Die zentrale Gedenkveranstaltung der Palästinenserbehörde von Präsident Mahmud Abbas zum Nakba-Tag begann am Mittag in Ramallah. Tausende Menschen marschierten von dem Präsidentenamt zum zentralen Manara-Platz. Teilnehmer der Kundgebung trugen palästinensische und schwarze Flaggen. "Es gibt keine Alternative zur Rückkehr in die Heimat", hieß es in Schriftzügen. Einige Demonstranten trugen einen großen hölzernen Schlüssel als Symbol für den Wunsch nach Rückkehr in die verlorenen Häuser.

Hamas wird Israel nicht anerkennen

Ismail Hanija, Führer der radikal-islamischen Hamas im Gazastreifen, drückte seine Hoffnung auf ein "Ende des zionistischen Projekts in Palästina" aus. Hanija bekräftigte während einer Ansprache, seine Organisation werde den Staat Israel weiterhin nicht anerkennen.

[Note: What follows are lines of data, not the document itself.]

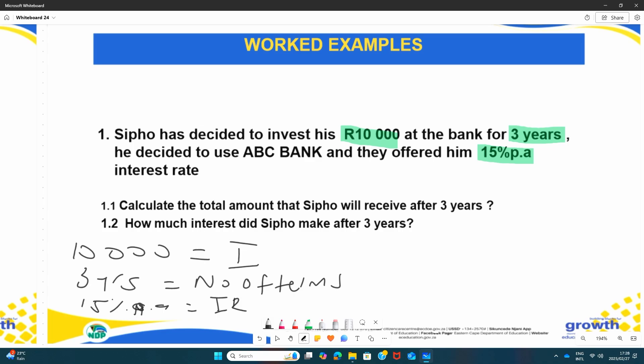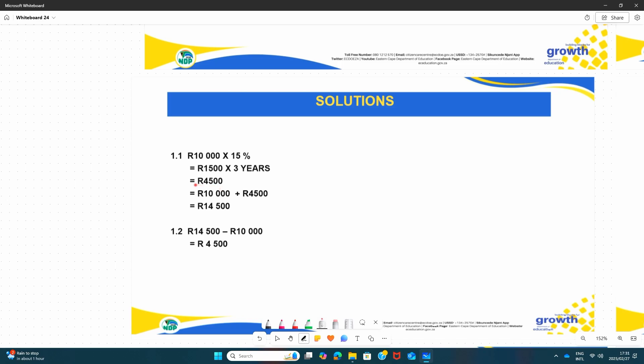Question 1.1 says: calculate the total amount that Sipo will receive after three years. We first write out our R10,000, which is the initial amount, times the interest rate. So 10,000 times 15% gives us R1,500. That is the interest for the first year. Since simple interest does not change, for three years it will be R1,500 each year — so times three years gives R4,500. That R4,500 is the total interest for the full term.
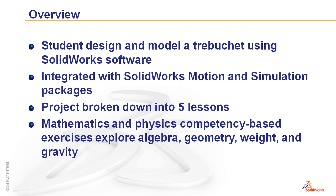These lessons focus specifically on science, technology, engineering, and mathematics and explore concepts like algebra, geometry, weight, and gravity.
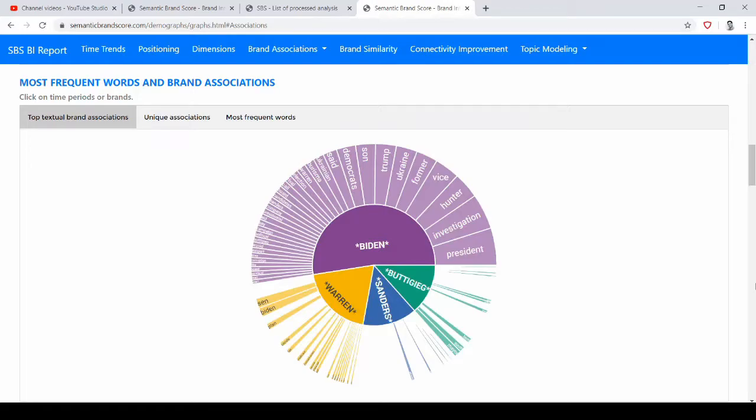In this second video we keep with our example on the primaries of the Democratic Party and we look at brand associations.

Der israelische Ministerpräsident Benjamin Netanjahu sagte während der wöchentlichen Kabinettssitzung: "Ich bedaure, dass es unter den israelischen Arabern und unseren Nachbarn Radikale gibt, die den israelischen Unabhängigkeitstag in einen Tag der Kriegshetze und des Zorns verwandeln."

Israels Armee hatte das Westjordanland aus Furcht vor Anschlägen radikaler Palästinenser in der Nacht zum Sonntag abgeriegelt. Israel und die Palästinenserführung hatten bereits am Freitag die Sicherheitsvorkehrungen massiv verschärft, um Ausschreitungen zu verhindern. Bei Krawallen nach dem reitagsgebet in Jerusalem hatte ein 16-jähriger Palästinenser eine Schussverletzung erlitten, an der er am Samstag im Krankenhaus starb. Am Sonntag waren landesweit etwa 10.000 Polizisten im Sondereinsatz.